Yeah. So I don't know. My thoughts have sort of, like, changed over over the last couple of years. Just just to add to that,
[00:15:13] Unknown:
I think there's a general sort of camaraderie and sort of, like, morality that comes with all this. You know, there is a difference between you contributing to a cold base and then forking off because you don't like it or because you wanna try something different as opposed to just taking the whole code base, removing the comments, and starting a company. Right? That's what I call a dick move.
[00:15:38] Unknown:
Well, that's why my original suggestion is just add to your license that if I clone this and start a company, I'm a dick.
[00:15:46] Unknown:
Yeah. No. No. We we actually I call it a dick. Asset. Yeah. The dick clause.
[00:15:50] Unknown:
Yeah. Put a dick clause in there, and they have to keep the dip. It it it would Yeah. It's like a virus. On the screen. So yeah. It's but how do you want? So, like, you know, if they if they get hacked, it because they were actually bad at what they're doing. You know? Well, it's like, well, it says I'm a dick. I don't know. That's right. I don't know. Like You know, funny enough, we actually thought about making a joke license where but for real on the product, it's like everyone can use this for commercial purposes but
[00:16:17] Unknown:
you.
[00:16:20] Unknown:
I know you do. I mean, so I I just to zoom out, like, I why I like open source so much, I think we because we live in a world with so much regulation. Like, I just thought the other like, a little shower thought of of, we have sales tax. Right? So every time you wanna sell something so every time you transfer ownership with, you know, paid for by money, there's a tax. That limits all activity where we might wanna have a high frequency exchange of goods. Like, I don't I couldn't even imagine, like, why someone is, like, selling a toaster back and forth, you know, like, a 1000 times a second. Like, that's literally impossible. So I think every, regulation has a sort of hidden cost like that. And I think, information cannot be owned. That's a ridiculous concept.
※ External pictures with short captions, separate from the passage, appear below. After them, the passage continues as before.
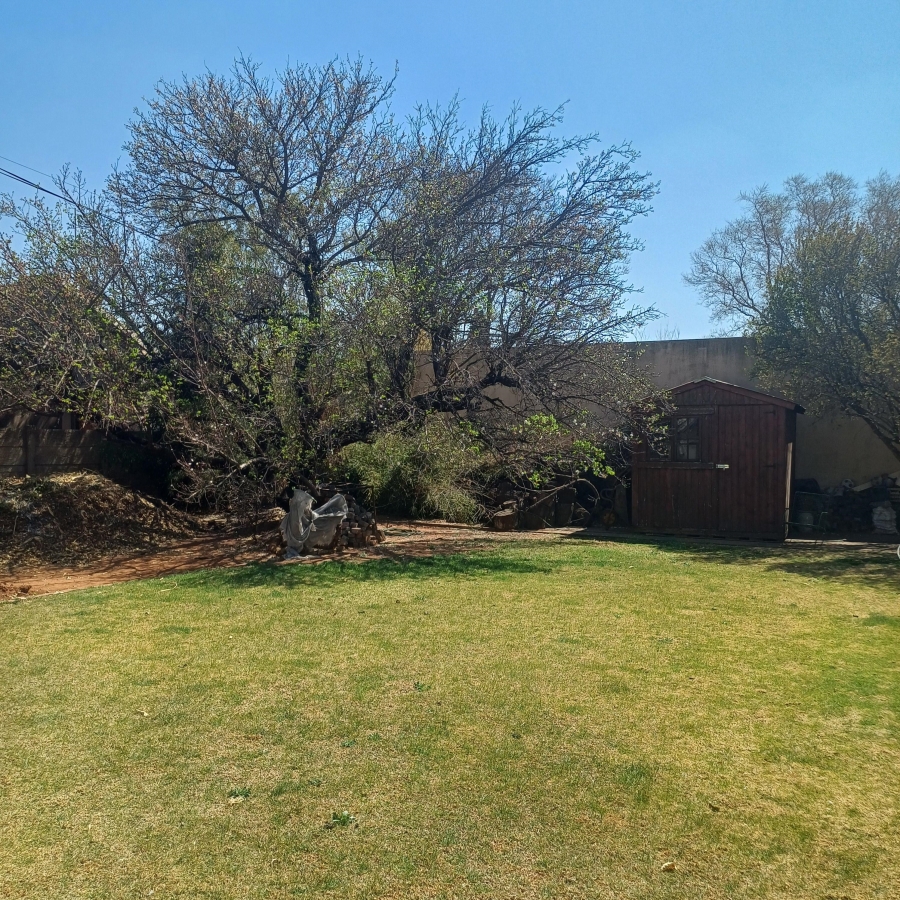 3 Bedroom Property for Sale in Golf Park Gauteng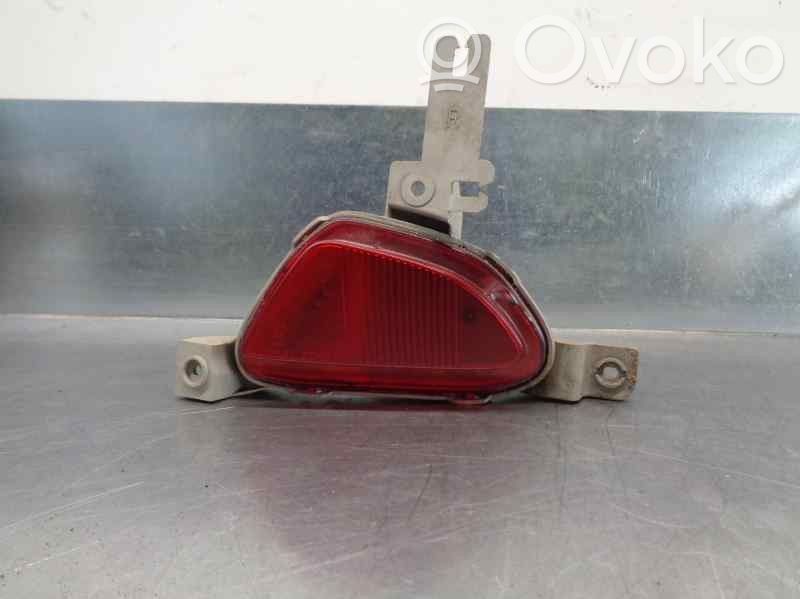 Mazda 2 Miglas lukturis aizmugurē 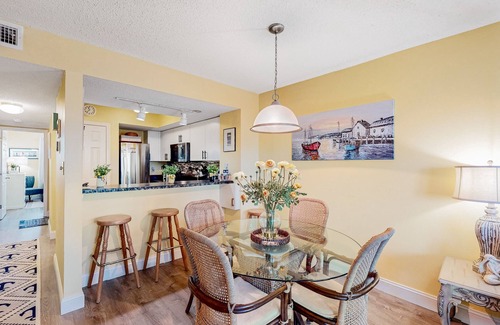 Avon Condo | Scenic Waterfront Condo – Dock + Pet Friendly
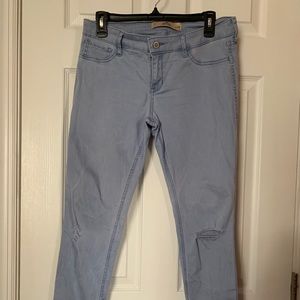 Hollister Super Skinny Ripped Jeans size 7/28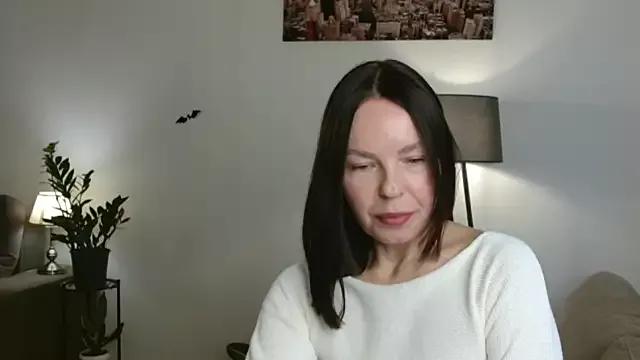 LittleNicolee from StripChat is Freechat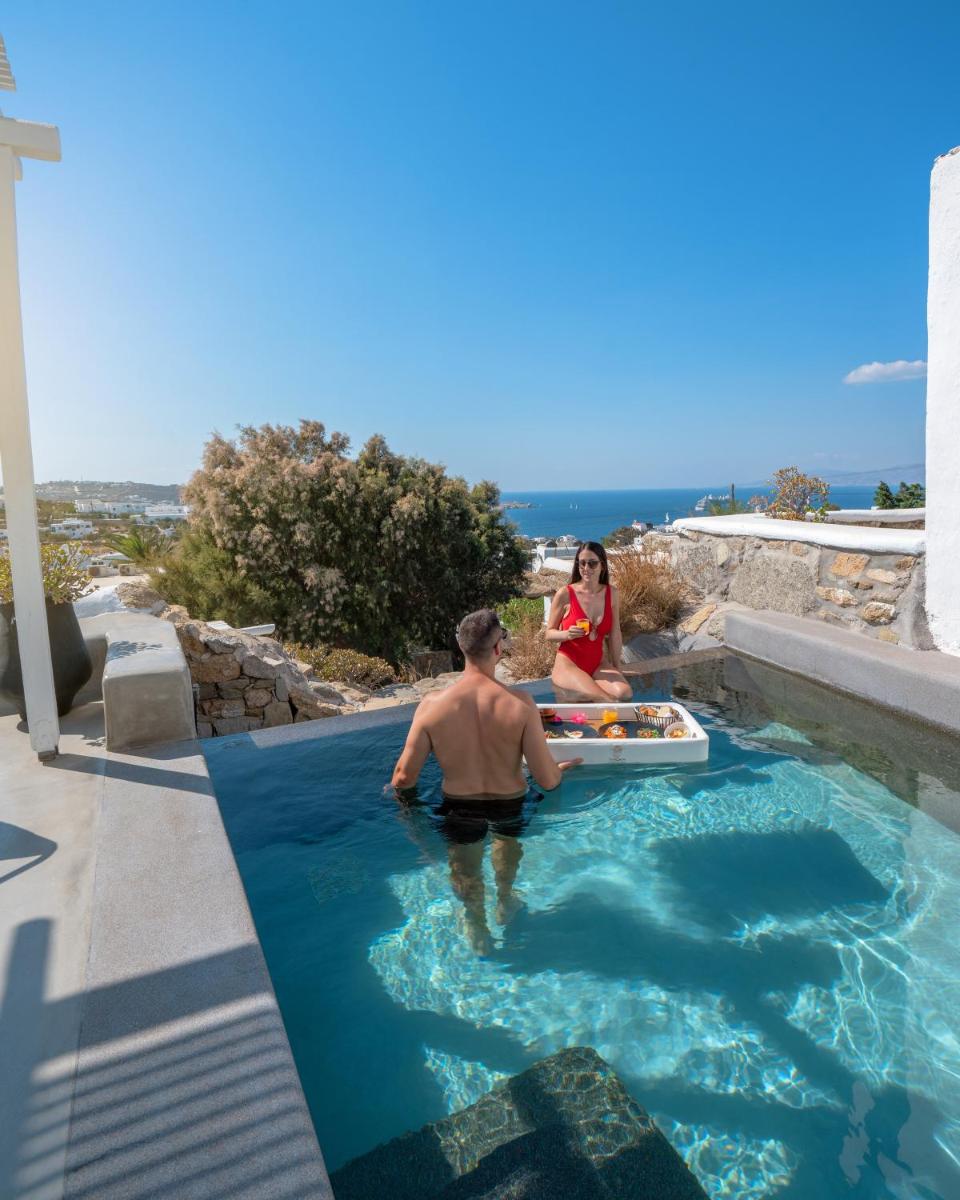 Ostraco Suites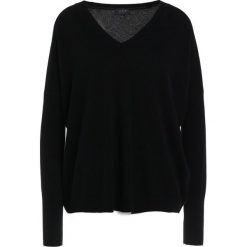 J.CREW ROSAYLN BOYFRIEND Sweter black. Czarne bluzy damskie marki J.CREW, xxs, bez wzorów, z kaszmiru, bez rękawów, bez kaptura. Za 669,00 zł.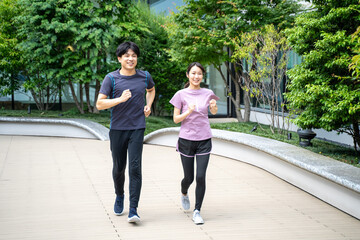 公園でランニングする男女カップル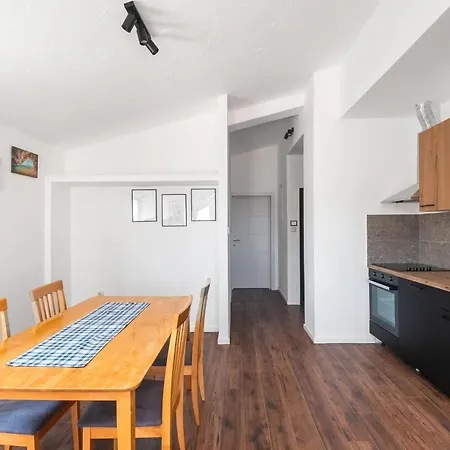 Apartments&rooms Mladen * Vodice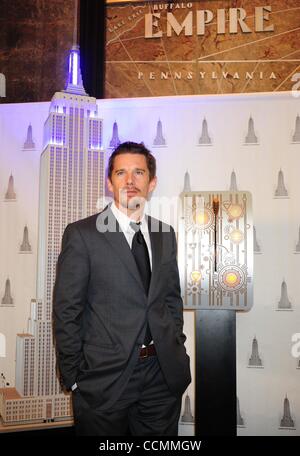 28. Oktober 2010 - Manhattan, New York, USA - ETHAN HAWKE, Oscar nominierte Schauspieler und Philanthrop Lichter das Empire State Building blau, '' Men In Blue'' The Doe Fund bereit, Willens und in der Lage sein Programm zu feiern. (Bild Kredit: Bryan Smith/ZUMApress.com ©) Stockfoto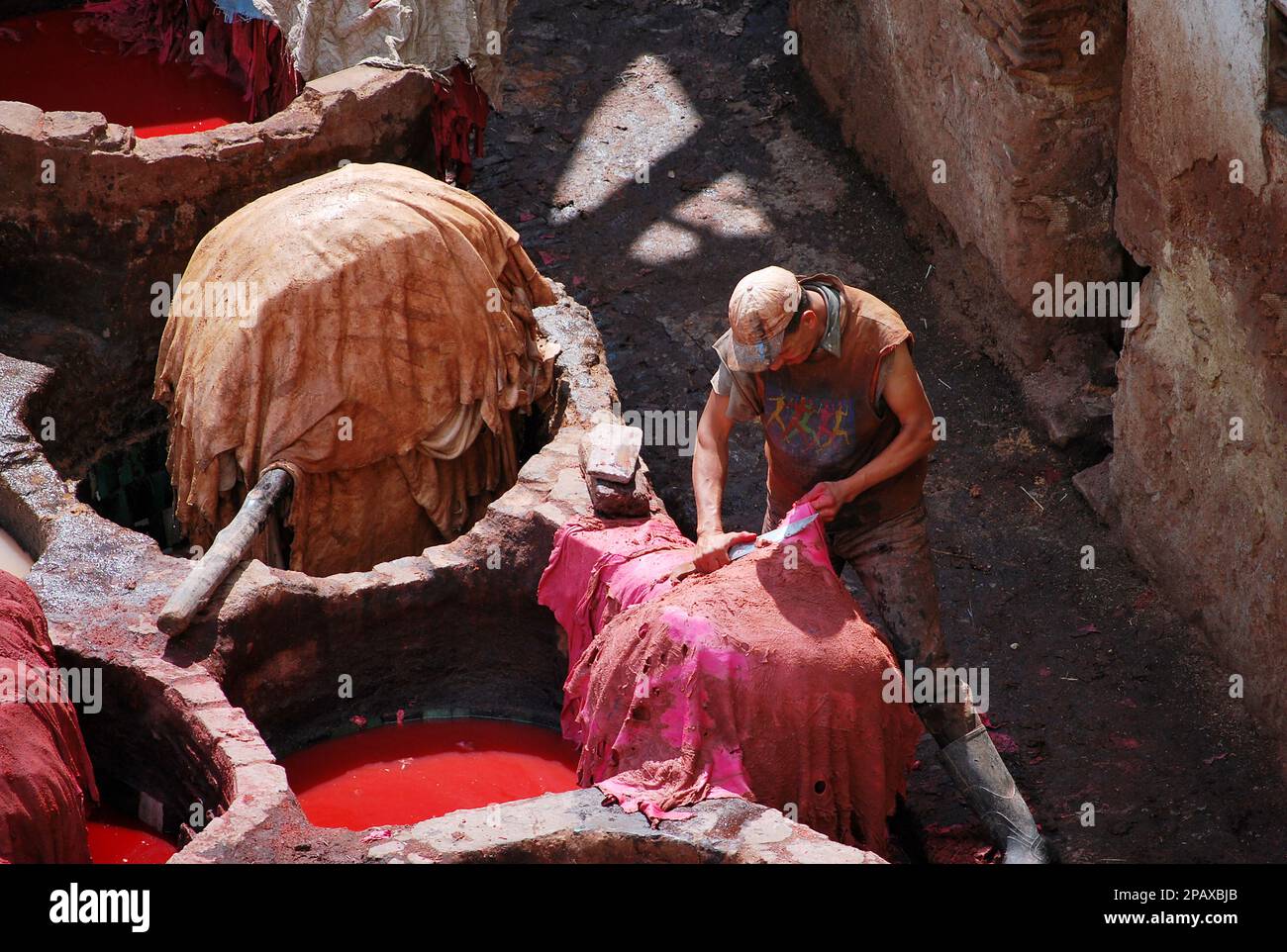 Arbeiter in Chouara Tannery, Fes - Marokko Stockfoto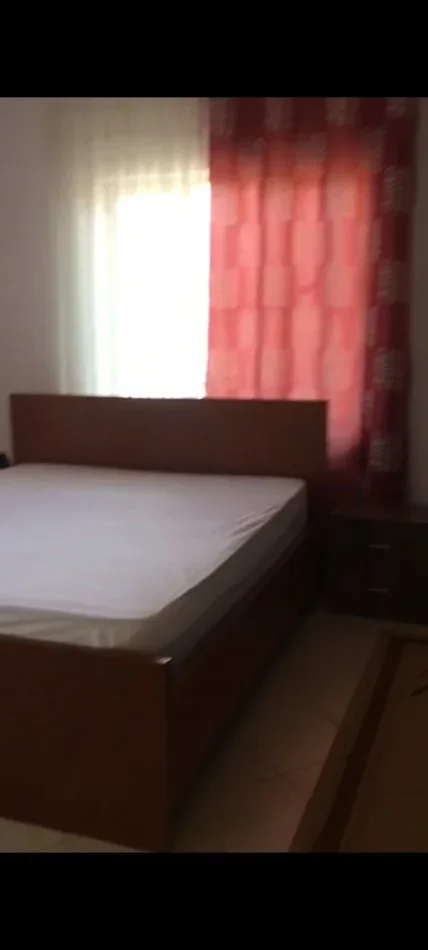 Tirane, jepet me qera apartament 2+1+Ballkon Kati 4, 85 m² 400 € (rruga fiqeri rusi)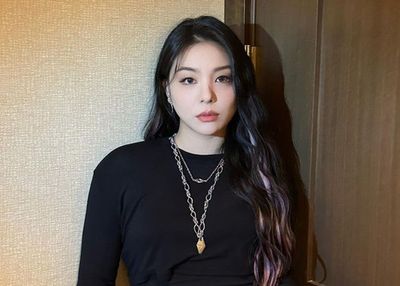Kabar Bahagia, Penyanyi Solo Ailee akan Menikah dengan Pacarnya yang Non-Seleb
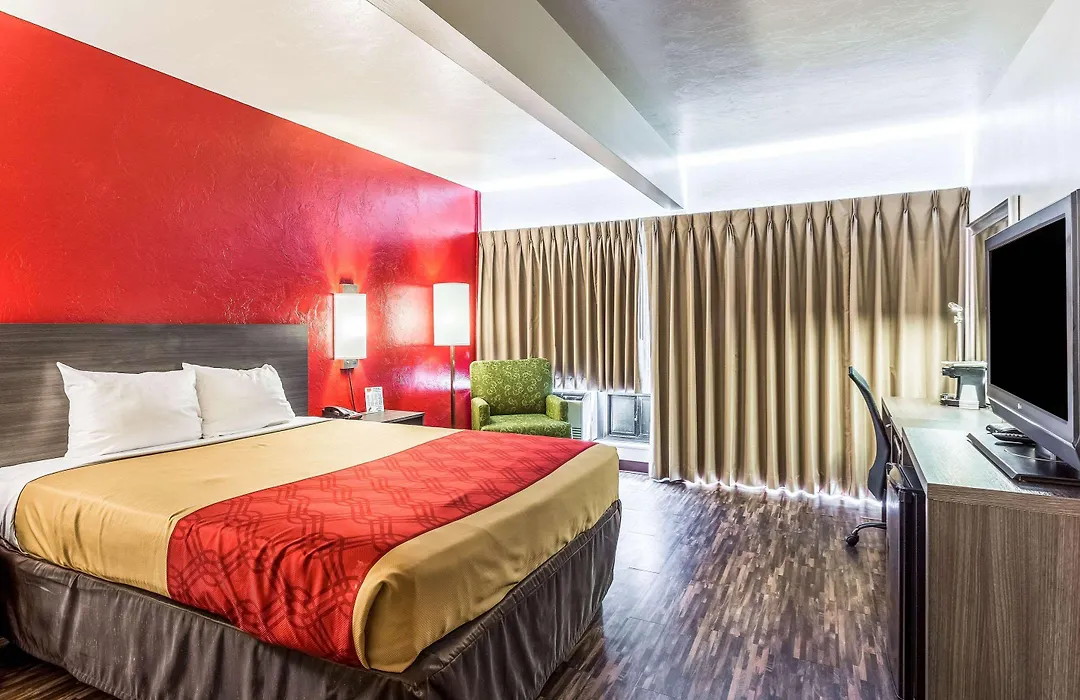 Econo Lodge Near Snake River-1
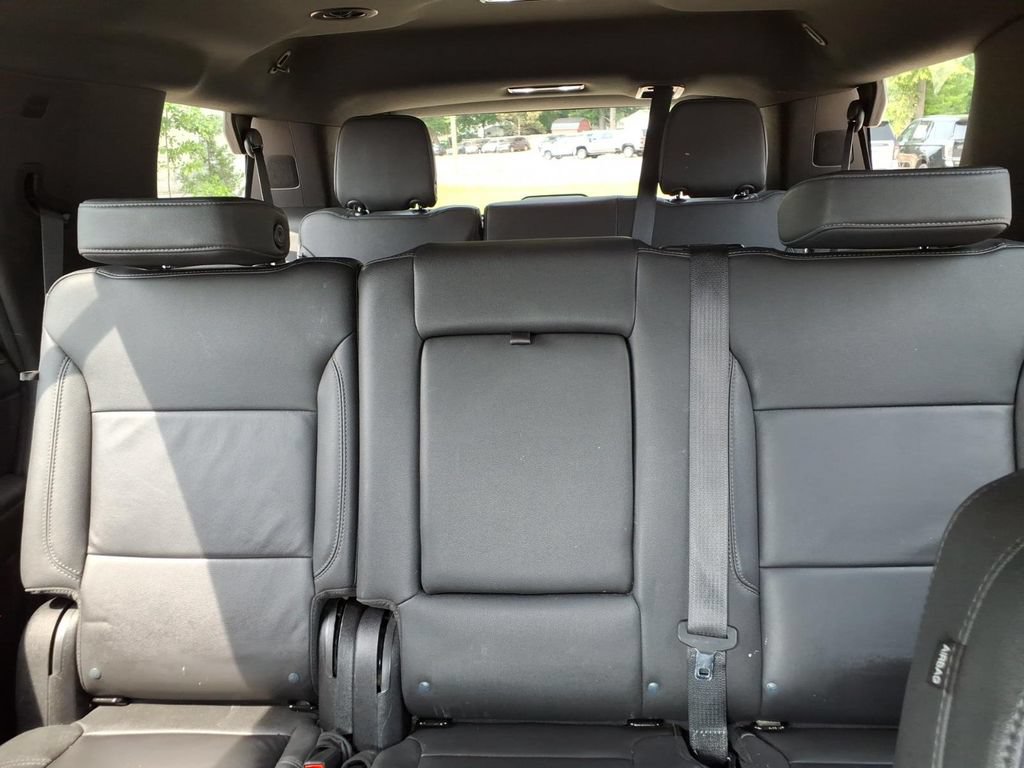 Used 2024 Chevrolet Tahoe LT RWD image 22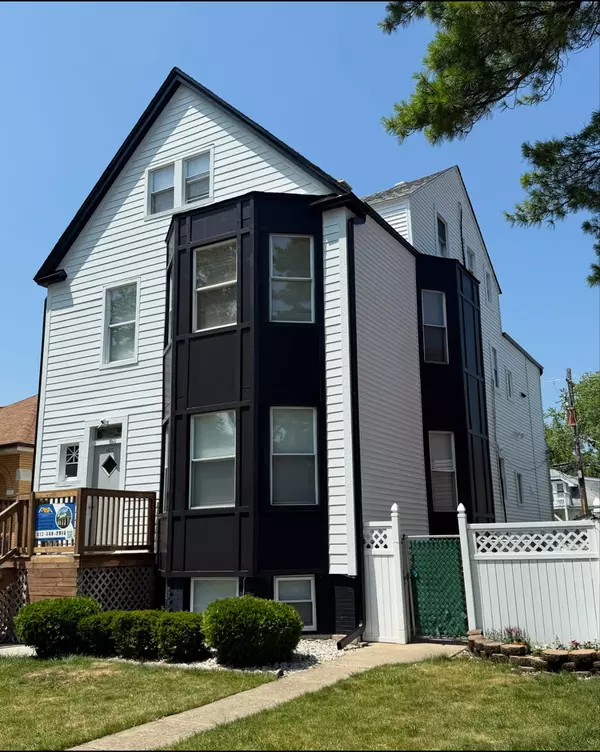 5632 W Berenice AVE #3, Chicago, IL 60634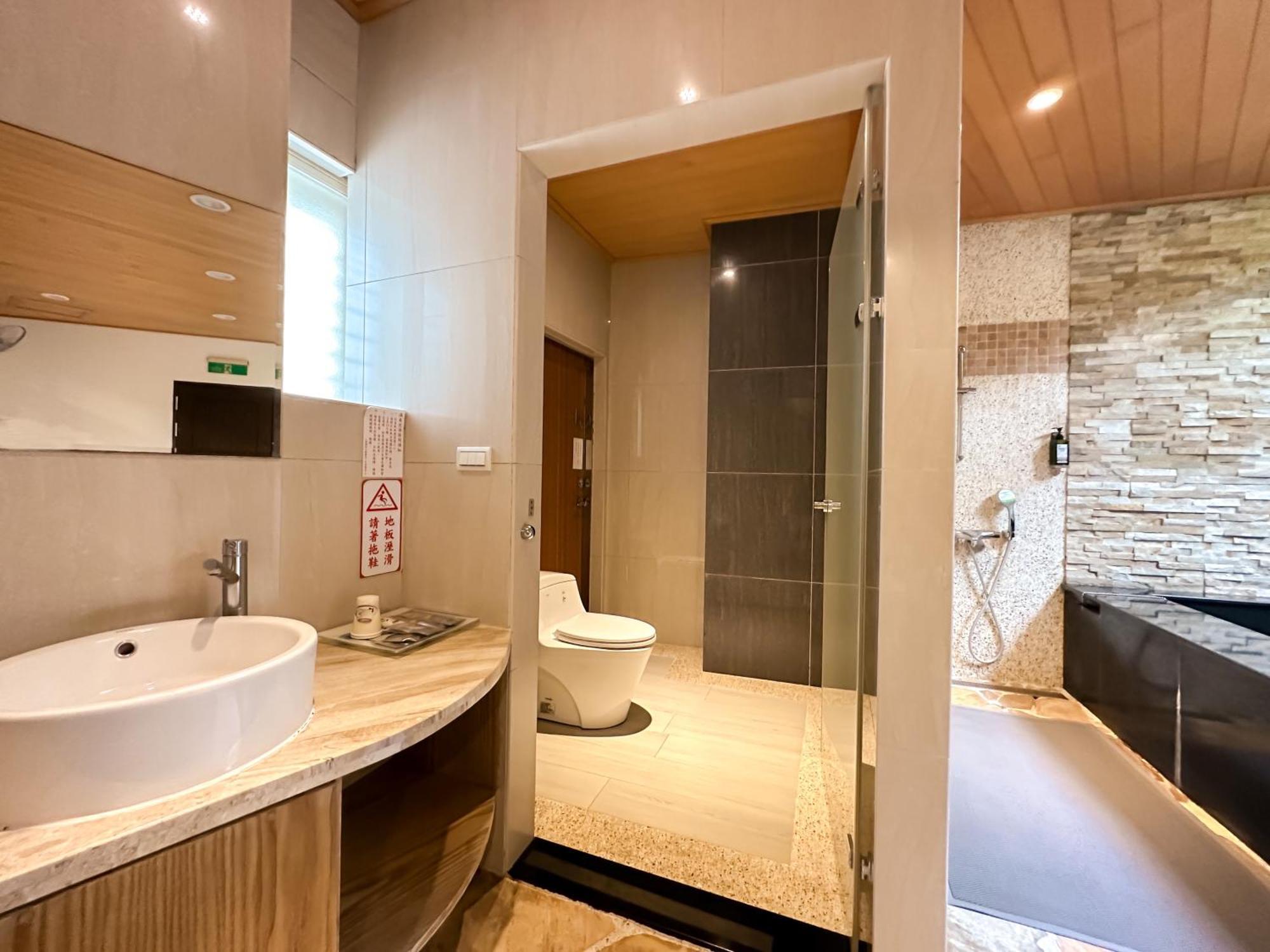 Yage Hotspring House Acomodação com café da manhã Jiaoxi Exterior foto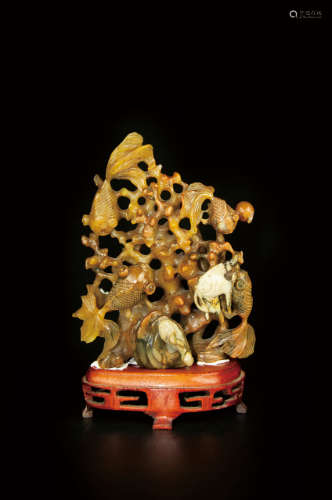 AN AGATE CARVED GOLDFISH MOUNTAIN STONE STATUE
And so when we add some state based enforcement, and now, like, you know, Katy Perry's getting sued for her song because it sounds a little bit like other song. Well, it turns out most of the music I like sounds like other music. Yep. And so now you you know, so we're always when we're we're allowing the state to dictate our actions in this way, we're really limiting the what is possible and and hacking with, with code, we're we're limiting who can be involved, how fast we iterate, who can verify, you know, who can run by, who can who can sell it. And so I'm, you know, I'm just I'm just worried about it in in that sense. That that said, I haven't built a business based on, you know, like a hardware business based on open source code. That is,
[00:18:05] Unknown:
a pretty rare thing right now. It is. And there is a reason why you don't see open hardware out there. Right? It's not like you can just, like, sit and apply your knowledge and boom, you have a product. Right? With hardware, like, you have to buy all this stuff. You have to either rage with all the stuff that has hard costs. Right? There's all this overhead that's completely upfront. That's your r and d, right, that you have to recuperate if you wanna still exist. Right? And if you have unfair competition, right, you're gonna it's possible that you simply won't exist, right, because they can undercut you because they haven't spent all the money doing their r and d. So they can technically take the margin out of their product, right, and just go compete with you unfairly.
[00:18:52] Unknown:
This is another shout out. Sorry. Sorry about too many shout outs right now. But,
[00:18:58] Unknown:
we we basically we had an industrial revolution, and we made so many products cheaper, and we were kind of ramping up in the, our civilization level. And then I don't know what year it was, but so we kinda leveled up, and we never got to the point of industrializing industrial
[00:19:18] Unknown:
I I I think we did. Like, if you if you look at iPhone for for all the hate that Apple gets, it is absolutely remarkable what's inside here. Like, this is this is like a pinnacle of civilization what's what's literally done inside this thing. You have one of the most modern computers that exists. You have 17 radios. This thing can talk in any country. Okay? It's just most people just can't understand side. Right? What I'm saying is that we, like, democratize
[00:19:55] Unknown:
having service because we made dishwashers. But we didn't democratize industrial production.
[00:20:01] Unknown:
Like, it's they're very because The production we did is the inventing of the things that go into production that has it. Right? Because you still need a human to invest time, capital, opportunity, cost to go invent something. Like, we don't make pull cards in my house. Right? We we have a factory that then makes cold cards. It happens that we now, like, have most of the production of the factory. But, like, it really is just us sort of inventing a thing, make it into a thing that can be actually produced in quantity, which is completely different. Right?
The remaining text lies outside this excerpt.